Es cierto que el destape se ha hecho de un modo un tanto chapucero, rozando lo chusco en algunos casos, y que ha tenido mucho de espectáculo de portería. Pero ni mucho menos se ha quedado en mero chismorreo. Aparte de descubrir que algunas señorías están forradas, otras parecen andar a la cuarta pregunta y una porción no pequeña de ellas deben a los bancos cantidades que no da una sola vida para pagar, en la batida han saltado liebres muy ilustrativas. Un ejemplo que sobrepasa la anécdota para ser categoría: el exdiputado socialista de infausto recuerdo Ricardo García Damborenea, condenado como muñidor de un grupo que practicó el terrorismo paraestatal, sigue cobrando 2.061 euros todos los meses. Ya vemos cómo se pagan los, ejem, servicios prestados. Y eso no es un cotilleo.

Política de supervivencia

El Ezkerbatuagate alavés nos ha dejado con la ceja levantada y la boca de par en par por lo cutre y por lo osado. Es difícil decidir qué es lo que más llama la atención del episodio: la repugnante cloaca que destapa, el morro que gastaron los peticionarios de la luna o la autoconfianza en la impunidad que hay que tener para soltar un órdago de ese pelo sin pararse a pensar que podía ser descubierto.

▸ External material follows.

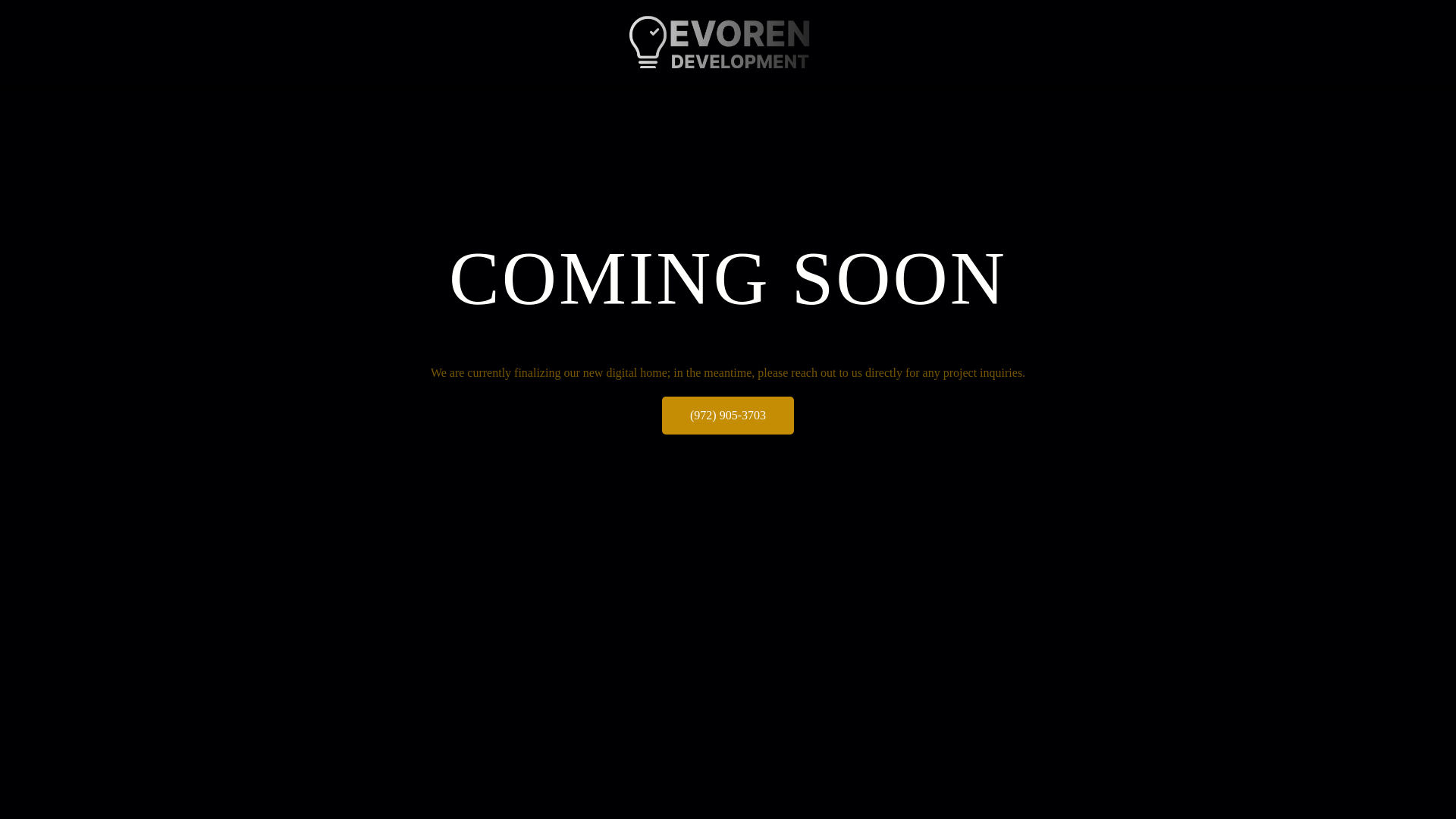 website screenshot of https://evorendevelopment.net/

Algo de todo eso hay, amén de un monumental desprecio por la ética, el juego limpio y, por descontado, por las 6.258 personas que creyeron estar votando una opción de izquierdas y avalaron, sin saberlo, el chiringuito de unos sacamantecas. Siendo eso así, y una vez la pituitaria se nos acostumbra al hedor, deberíamos quedarnos un rato más entre la mugre para discernir si estamos ante una triste excepción o, lo que es más desgraciado, en medio de una regla.

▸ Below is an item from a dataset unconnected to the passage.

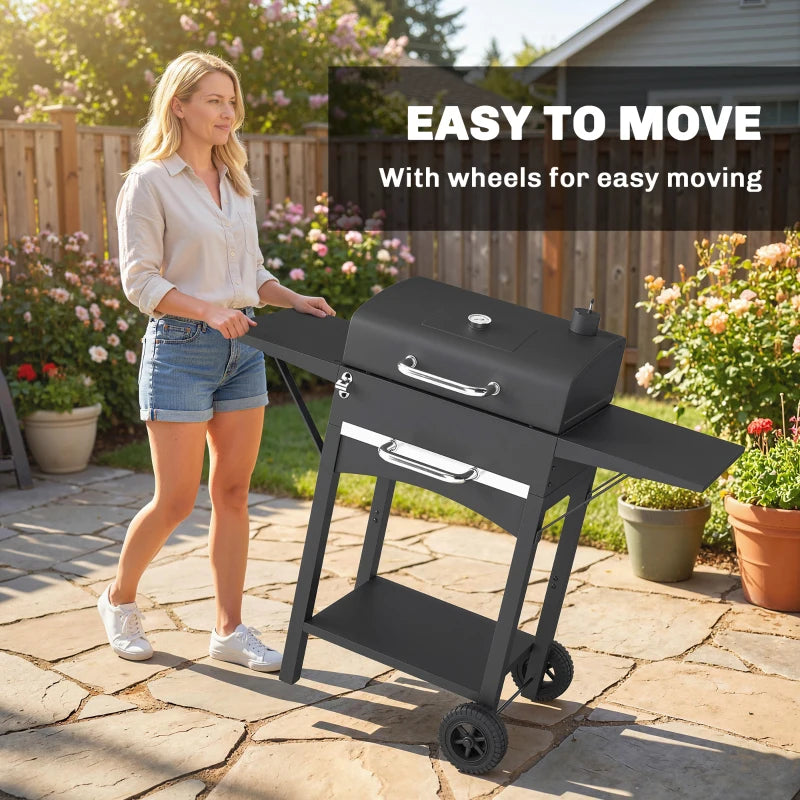 Charcoal Grill with 2 Side Tables, Barbecue Grill with Thermometer and Warming Rack, Wheels, 43.3"x18.3"x39.8", Black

Quisiera verlo de otro modo, pero me temo que, efectivamente, es lo segundo. Si tenemos estómago para bucear entre la porquería accesoria y llegarnos a lo sustancial, nos encontraremos que la chabacana actuación buscaba algo tan pedestre como la supervivencia de un puñado de tipos que se habían quedado con una mano delante y otra detrás. Un juez benévolo podría apreciar, incluso, el atenuante de necesidad perentoria.

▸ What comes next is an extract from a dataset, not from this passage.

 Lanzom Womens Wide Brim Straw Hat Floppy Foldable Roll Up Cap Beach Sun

Si se cayó tan bajo, fue por procurarse un mendrugo (con foie) que llevarse a la boca. Miremos la política en su conjunto y comprobaremos que se ha convertido en un gran comedor de transeúntes para los que la ideología es una escudilla con la que recogen las migajas que les echen. Su sustento depende de figurar en unas listas o de estar a buenas con el dueño del aparato, que es quien tiene poder para hacer ministros, consejeros, jefes de gabinete o, aunque sea, bedeles. Y los que están ahí por auténtica vocación de servicio -que aún son mayoría- guardan un silencio cómplice. No se extrañen si los metemos en el mismo saco.

Austeridad

Se pongan como se pongan los diccionarios y los atrapadores de conceptos que los elaboran, las palabras acaban significando lo que está en la cabeza de quienes las pronuncian o las escriben. La política, sin ir más lejos, se basa en esa inabarcable polisemia a la carta. Todos los partidos coinciden en defender la democracia, la libertad y la justicia. El truco es que tal consenso -otro término que se las trae- es en realidad un gallinero, pues cada cual tiene su propia versión y ocurre así que son incapaces de entenderse cuando en apariencia están hablando de lo mismo. Viene a pasar como con las tallas de la ropa. Una 34 de Bildu puede ser una 40 del PNV, una 22 del PSOE, o una 58 del PP. (Si alguien se quiere liar, que lo haga; pero juro que he puesto los números aleatoriamente)

Y no sólo se da con los tres vocablos totémicos mencionados arriba. El mismo fenómeno opera también con la calderilla verbal que circula en parlamentos, cortes y cámaras representativas varias. Fijémonos, como ejercicio, en el sustantivo “austeridad”, repetido hasta la náusea en el último Debate del Estado de la Nación en el congreso español. Pretender adivinar lo que tal mantra quería decir para los que lo recitaron es, con el permiso de Violeta Parra, como descifrar signos sin ser sabio competente.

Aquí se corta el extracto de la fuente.